Golden rules in the mountains

In the mountains, or during any active (outdoor) sport, there are a few rules applicable. Most of them aren’t carved in stone, most of them are common sense. For your own safety, the safety of others and preservation of nature, environment and fun. Not just your fun – fun of others too.

  1. When in doubt about the weather conditions: don’t head for the mountaints. Make sure you are familiair with your local weather forecast, ask locals and be prepared if things turn out to be not as expected.
  2. When in doubt about your own physical abilities or the condition of others: don’t go. Overestimation of your own abilities is a familiar phenomenon. A route on the map often looks shorter than reality is: the map is 2D, the mountains very much 3D. Bear in mind that 1km on a 45° slope is 2km long!
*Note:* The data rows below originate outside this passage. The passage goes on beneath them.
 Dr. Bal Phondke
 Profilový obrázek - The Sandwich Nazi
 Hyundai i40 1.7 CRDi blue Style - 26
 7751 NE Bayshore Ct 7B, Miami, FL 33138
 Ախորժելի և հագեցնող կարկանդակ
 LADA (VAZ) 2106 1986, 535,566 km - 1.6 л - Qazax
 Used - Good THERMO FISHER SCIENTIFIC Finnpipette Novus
And, on the most commonly used maps, not all bends and twists are annotated…
  3. Get yourself familiar with some basic knowledge of meteorology. It’s good to be able to not overreact to the circumstances. It’s better yet to be able to not freeze (literally) when the adverse weather strikes. Signs are in the skies – most of the times.
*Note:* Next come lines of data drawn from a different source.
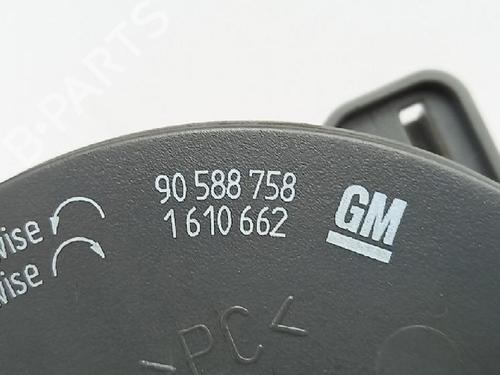 Squib airbag OPEL CORSA C (X01) 1.0 (F08, F68) | BP27960607C102 
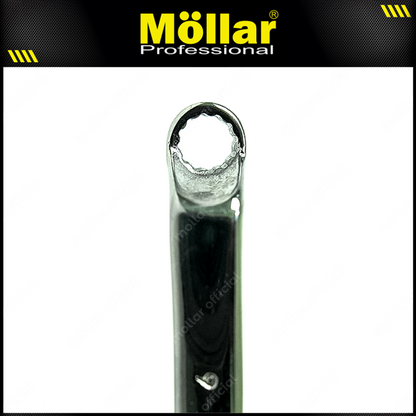 BISON Kunci Ring 8x9 mm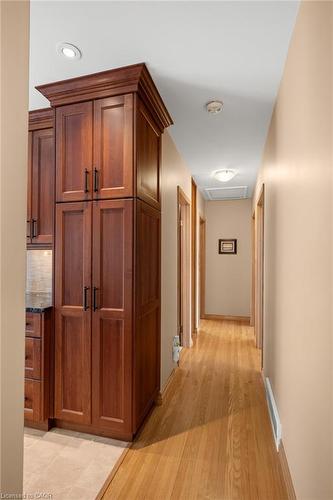 212 Winfield Avenue, Waterloo, ON - Indoor Photo Showing Other Room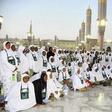 Intending pilgrims were urged to hasten settlement of their remaining balance in good time to enable the board pay the NAHCON in good time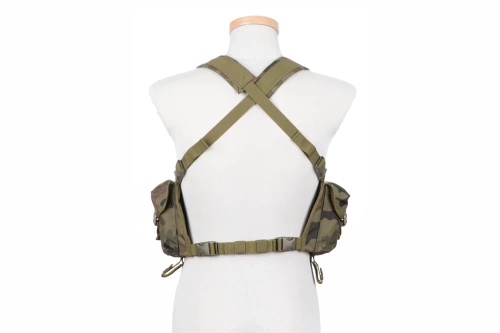 GFC Tactical - Kamizelka taktyczna Commando Chest - Wz. 93 - GFT-18-011416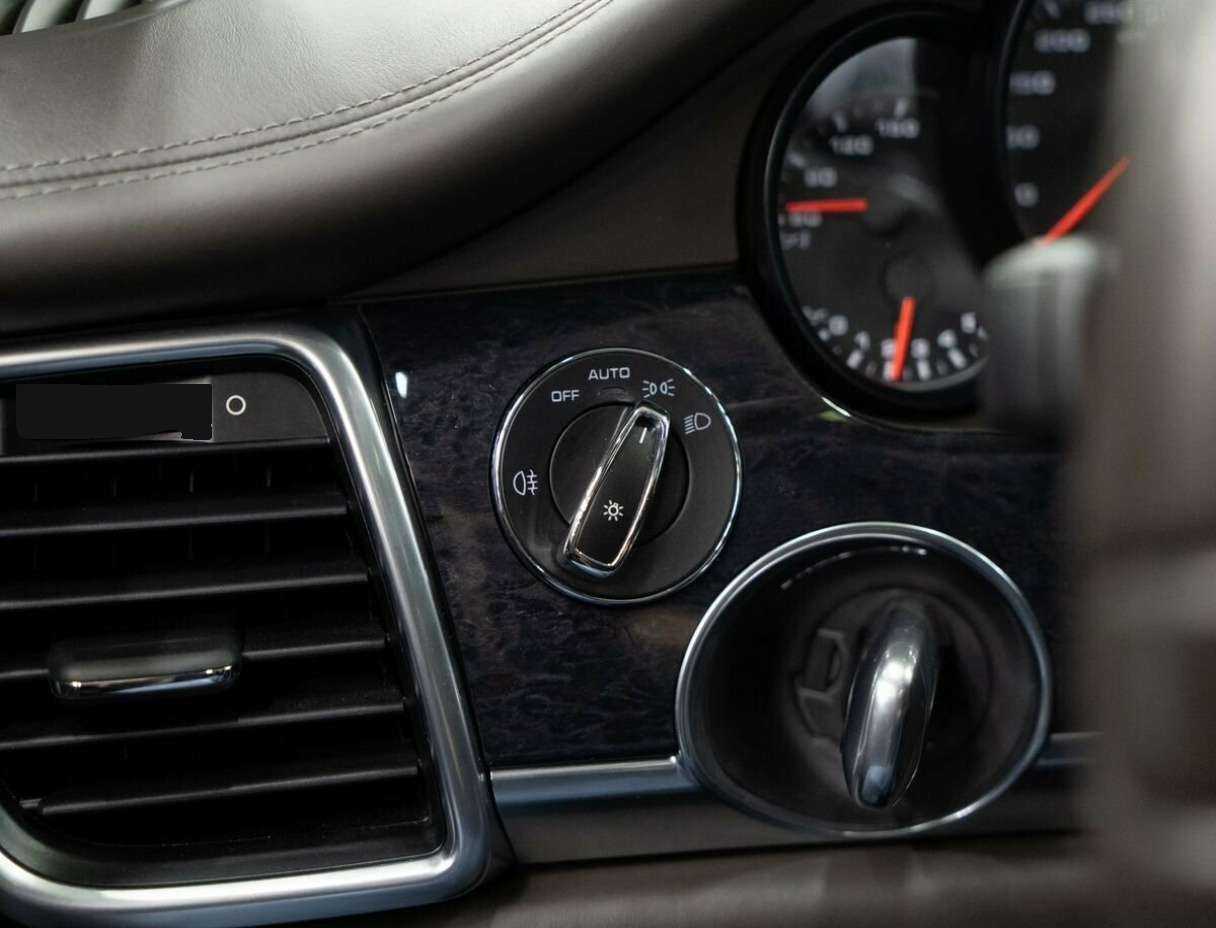 Купить Porsche Panamera 4S, 2015, 94 994 км, фото №19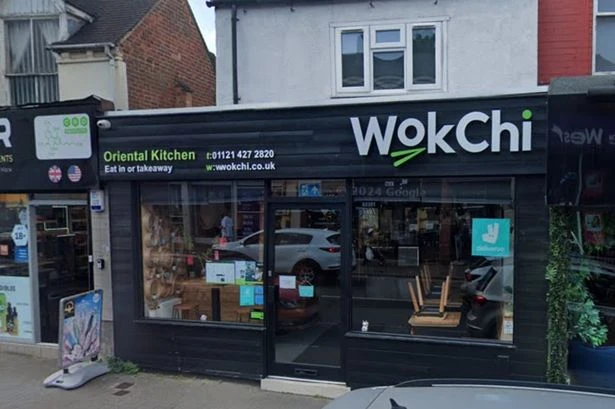 Birmingham restaurant claps back at vegetarian couple who 'left out some key facts'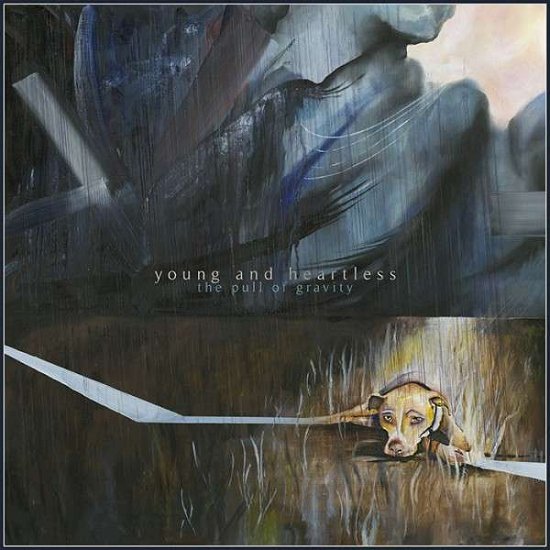 Cover for Young &amp; Heartless · Pull Of Gravity (LP) [Standard edition] (2022)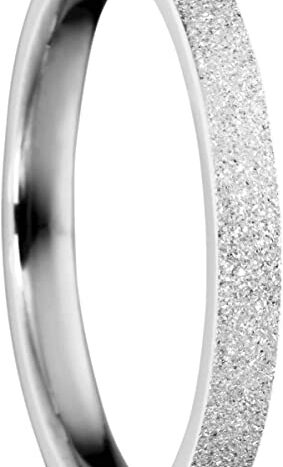 Bering Damen-Ringe Silber 557-19-91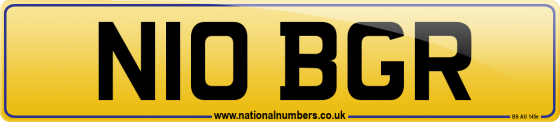 N10 BGR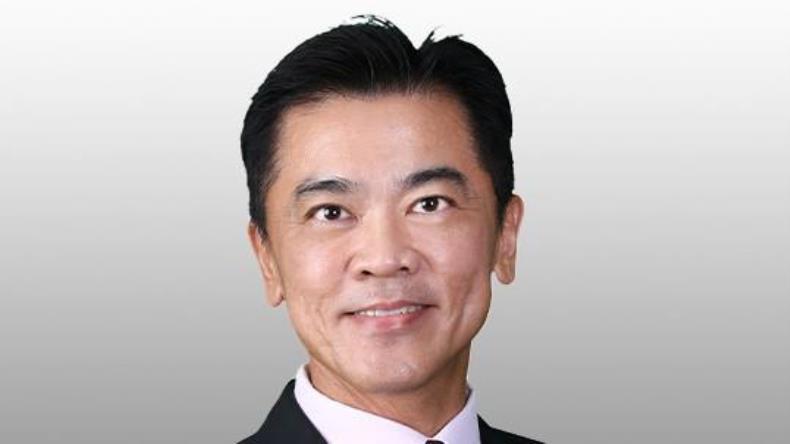 Ong Kim Pong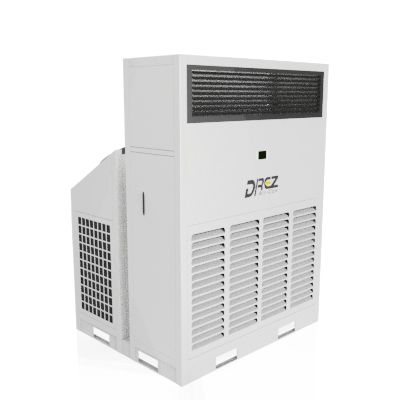 DCGN Series Air Conditioner (Mobile Air Conditioning)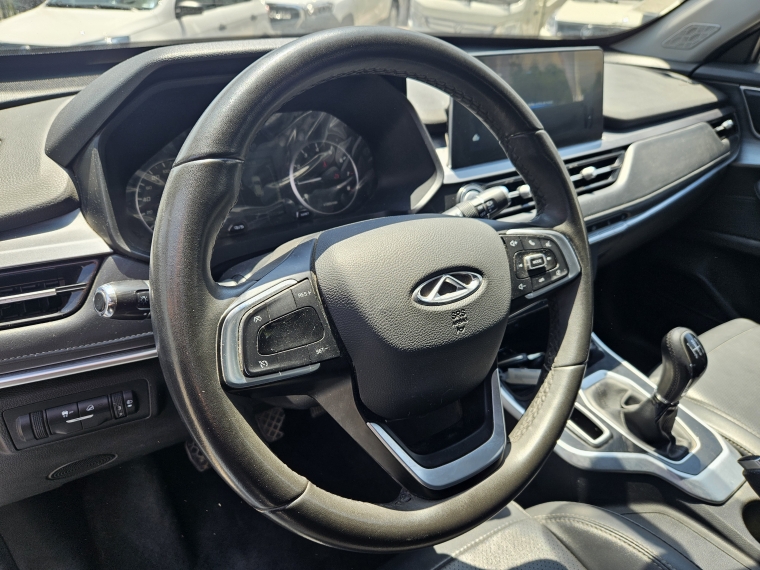 Chery Tiggo 3 pro Tiggo 3 Pro Gls 1.5 2023 Usado en Rosselot Usados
  4. Check the circumstances with locals. Local guides, shepherds or village dewellers know much better than you or your map if there has been some recent avalanche or land slides, if certain bridges are washed out or cabins damaged and not staffed!
  5. Make sure your equipment is complete. This doesn’t mean that you need to carry with you everything that you can think of. But do make sure you’ve got the bare minimum: warm clothing, a small blanket, a whistle, first-aid kit and a map. Yes, a map on paper. And obviously: make sure that you know how to read it, too!
  6. Know your way. Prepare! Be aware of local huts and villages, route splits, junctions etc. This will help when it gets foggy, or to keep motivation high when the rain sets in. It also allows you to enjoy the surroundings much better: after all, you don’t need to stop every 10 minutes to get your bearings!
  7. If the fog sets in really fast and becomes to thick to navigate: stay put. You could become disoriented and get lost. The only thing worse than fog in the mountains is lightning.
  8. In doubt? Get back. It’s not a disgrace to turn around. Better to be part of making new memories than becoming a memory to others.
  9. Keep the surroundings clean and the noise level civilized. Others want to enjoy the surroundings like you do. And please, if you want to listen to music: ear plugs are the thing to use. Not speakers. Just as much: don’t yell to one another. Just wait until the other party can hear you from a smaller distance. Unless it’s an emergency, obviously.
  10. Get enough food and drinks for along the road. Food is something you could take a gamle on. Your body has plenty reserves. Water is much more dangerous. Especially in area’s which are too low to have perennial snow or glaciers, but where the hike is still far above the tree line.